The North-East, in fact, uses football as a bridge to the rest of the country. Aizawl FC, the national champions this year, will be pivotal in mainstreaming Mizoram, says the club’s owner Robert Royte. Shillong Lajong FC, the first pan-regional club from the North-East, continues to be the region’s flag-bearer, inspiring clubs such as Aizawl and Imphal-based Neroca FC, the first top-division club from Manipur.
Kerala, a state known for its passion for football, was dormant for a while. But Kerala Blasters, the Indian Super League side, is changing that.
Up north, Ranjit Bajaj, owner of Minerva in Mohali, Punjab, is confident of emulating Sikkim and creating an environment where youth choose football over drugs, a major concern for the state.
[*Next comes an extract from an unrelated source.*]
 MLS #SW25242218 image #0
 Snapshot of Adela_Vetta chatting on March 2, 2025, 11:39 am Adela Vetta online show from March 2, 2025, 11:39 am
From neighbouring Jammu and Kashmir, second-division club Real Kashmir FC made a trip to Scotland in July, the first football team from the state to go on a foreign tour. There’s hope that football can put Jammu and Kashmir in the news for the right reasons again.
While cricket and hockey thrive almost exclusively at the national-team level in India, football holds the power to be the catalyst for change at the grass roots. Maybe soon, with a football at their feet, anybody in India could dare to dream big again.